Embarking on a journey as a research fellow with FHI 360’s Total Quality Leadership and Accountability (TQLA) team has been full of learning. As the research lead for the qualitative analysis of TQLA’s impact over the years, I have uncovered not only the transformative power of their work but also the wide array of skills I continue to gather for my future endeavors.
Before delving into the invaluable skills I have gained, let me provide some context. FHI 360’s TQLA framework is a transformative and innovative managerial strategy in global health, championing quality improvement and accountability in HIV programs in several countries globally. My task over the year is to supplement TQLA’s quantitative evaluation by assessing the qualitative impact of TQLA’s work, a responsibility that comes with great anticipation and many opportunities to learn as an early career professional in global public health work.
First, I have had the opportunity to sharpen my data analysis skills. This includes developing a comprehensive interview guide for staff at all levels of the TQLA team. This process involved several iterations and that for me foreshadowed the needed patience in developing valuable and sustainable tools for assessing public health impact. Additionally, I quickly learned the importance of effective communication. I needed to collaborate with colleagues in Nigeria to ensure the analysis aligned with TQLA’s goals. The ability to convey the goals and objectives of our mixed-methods approach in a clear and concise manner is a skill that will undoubtedly serve me well in future projects. Being a point person for such a substantial project continues to teach me the art and science of project management. I continue to hone my ability to organize and execute projects efficiently.
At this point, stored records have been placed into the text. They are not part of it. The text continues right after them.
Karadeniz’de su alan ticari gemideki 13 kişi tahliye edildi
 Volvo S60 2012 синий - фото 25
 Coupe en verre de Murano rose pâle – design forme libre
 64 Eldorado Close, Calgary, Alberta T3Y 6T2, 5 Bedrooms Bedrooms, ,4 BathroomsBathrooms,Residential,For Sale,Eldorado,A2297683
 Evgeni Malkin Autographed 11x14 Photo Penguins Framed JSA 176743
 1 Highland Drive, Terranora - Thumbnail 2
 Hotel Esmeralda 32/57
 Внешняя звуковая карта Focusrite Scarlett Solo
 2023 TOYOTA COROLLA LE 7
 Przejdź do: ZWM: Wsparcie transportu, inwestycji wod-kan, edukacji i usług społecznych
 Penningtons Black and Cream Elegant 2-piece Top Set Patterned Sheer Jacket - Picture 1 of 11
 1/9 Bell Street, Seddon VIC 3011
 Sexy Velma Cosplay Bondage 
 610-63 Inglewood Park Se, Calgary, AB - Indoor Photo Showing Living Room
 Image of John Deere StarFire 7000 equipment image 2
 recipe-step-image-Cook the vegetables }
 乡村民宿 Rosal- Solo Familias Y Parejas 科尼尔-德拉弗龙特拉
FHI 360 prioritizes the professional growth and development of its employees. Through training programs, mentorship opportunities, and access to a wealth of resources, I have been able to further enhance my skills and knowledge, which will undoubtedly benefit my future career in public health. This summer, I had the opportunity to chat with FHI’s Chief Operating Officer, who shared career insights and encouraged me to build relationships over the year. Additionally, FHI organized a workshop for all interns and fellows that discussed what development work looks like and the skills in high demand. To put this into practice while I am on the team and to leverage my skills for my project, I am currently enrolled in a Project Management course sponsored by FHI.
My practicum was just the beginning of what I believe will be a year full of worthwhile challenges as I continue to build relevant skills. Onwards and Upwards!
Acknowledgements: Thank you to my team in Nigeria, especially Dr. Charles Odima for your support on this project.
About two weeks into my fellowship at FHI 360, I had the opportunity to participate in an event series on innovation from FHI’s Strategy and Innovation Office. The series was designed to engage external innovation practitioners to inspire discussion about innovation culture as FHI sets out to develop an innovation strategy. Kippy Joseph, Senior Advisor to the Global Innovation Fund, spoke extensively about managing innovation for development impact. As a global public health student pursuing the Certificate in Innovation for Public Good (CIPG) at UNC, I often ask myself how social innovation in global development is held accountable. While drug trials adhere to rigorous standards, social innovation for impact often relies on guesswork, hindering progress in advancing the public good. It is imperative that managing innovation for development impact becomes a constant pursuit of excellence in designing impactful systems worldwide, even if the process may be slow or deliberate. The cost of getting it wrong is simply too high.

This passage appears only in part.